Und diese Anpassung des Konsums ist der eigentlich interessante Gedanke des Buches: Was wäre, wenn wir (in den reichen Ländern) unseren Konsum und unser Reiseverhalten einfach zurückdrehen würden? Zurückfahren auf das Maß von vor ein paar Jahren? Wir würden dies kaum merken. Aber es wäre ein Wandel angestoßen. Im Laufe der Zeit verändere sich dann „die Art und Weise, wie wir Dinge erzeugen. Wir organisieren unser Leben rund um neue Prioritäten und entwickeln neue Geschäftsmodelle für eine globale Kultur, welche die Lust auf den Konsum verloren hat“, schreibt MacKinnon (S. 33). Seine Botschaft ist optimistisch: „Indem wir eine auf endlose Expansion ausgerichtete Wirtschaft bremsen, kehren wir lediglich zum langfristigen Trend eines graduellen Wachstums zurück, der über weite Strecken der Menschheitsgeschichte zu beobachten war: Mit Einfallsreichtum können wir uns anpassen.“ (S. 440)

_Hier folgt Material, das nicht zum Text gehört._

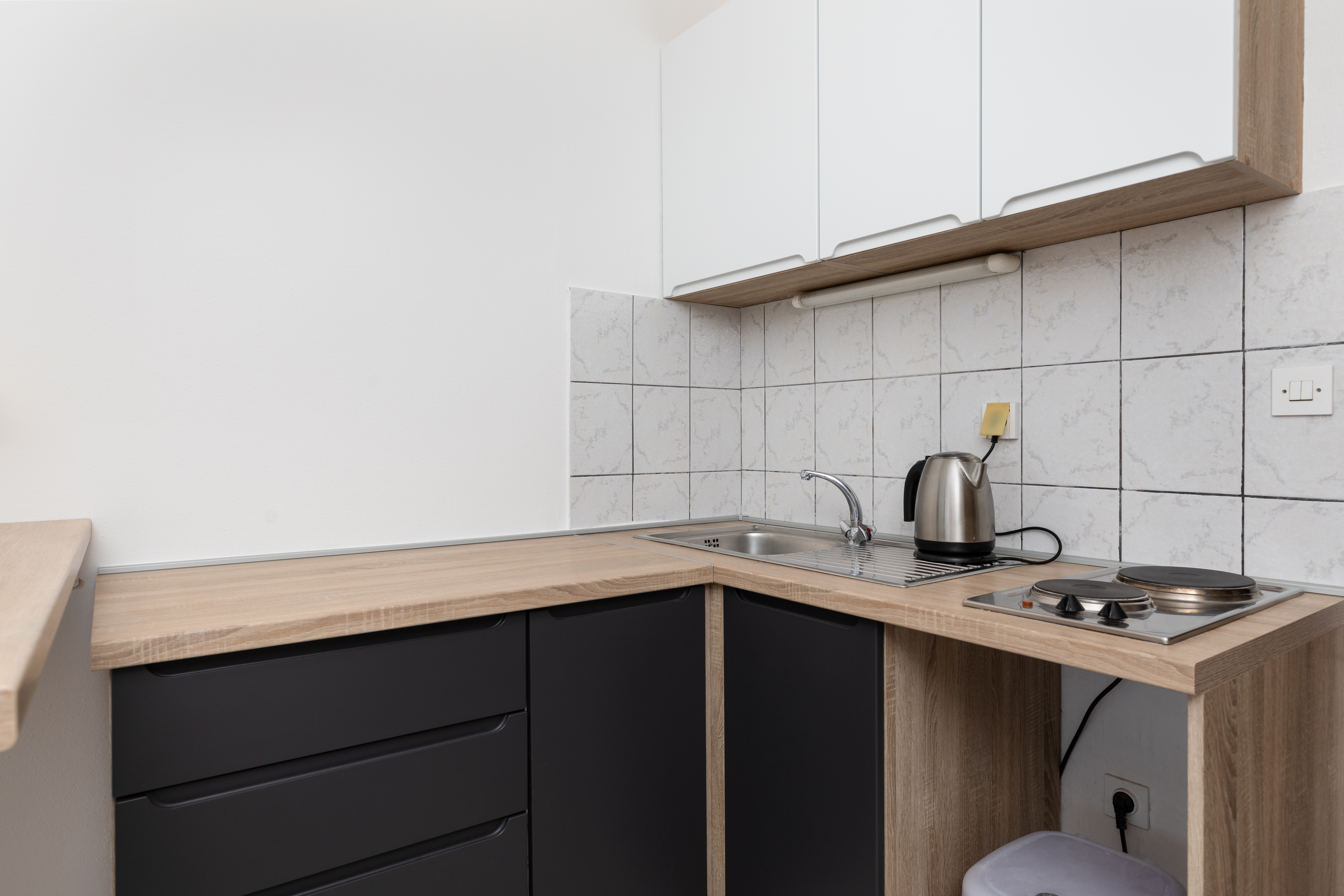 Two bedroom apartment near beach Mimice, Omiš  A-a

Interessant ist dieser Gedanke deshalb, weil er die Einschränkung des Konsums herausholt aus der Schmuddelecke des Verzichtsdenkens. Für die Umwelt- und Klimabewegung bedeutet das, eine Kröte zu schlucken. Es erfordert, zu differenzieren zwischen einem konsequenten Verzicht, wie ihn viele Aktivist:innen vorleben, und dem, was eine trägere Mehrheit in der Gesellschaft mitzugehen bereit ist. Genau das meint der sperrige soziologische Begriff der Anschlussfähigkeit. Konkret: Inwieweit ist der Weg, auf dem konsequente Vorreiter vorangehen, anschlussfähig für den Rest der Gesellschaft? Kann die Mehrheit folgen und mithalten?
Das Ende der Maßlosigkeit
Anschlussfähigkeit, dieses Thema kennzeichnet auch die Erzählhaltung des Buches. MacKinnon schreibt ja nicht als überzeugter Konsumverweigerer, der längst seine Haltung gefunden hat. Als Umweltjournalist kennt er natürlich die Zusammenhänge, er weiß, was auf dem Spiel steht. Aber erst seine Recherche ließ ihn genauer hinschauen und brachte ihn dazu, seine Haltung auf den Prüfstand zu stellen. Er begann bewusster einzukaufen, achtete auf Qualität und Langlebigkeit, begann auch, gebrauchte Sachen zu ändern oder zu reparieren. Und das führte ihn zu einer größeren Zufriedenheit mit seinen Entscheidungen. „Als Konsument konzentriere ich mich jetzt darauf, von allem weniger und in besserer Qualität zu kaufen“, schreibt er. Und fügt hinzu: „Es gibt gute Gründe dafür, dass Sie vielleicht ebenfalls aufhören sollten einzukaufen.“ (S. 430f.) Klarer wird damit auch der Begriff des Überkonsums – es geht um das Ende der Maßlosigkeit.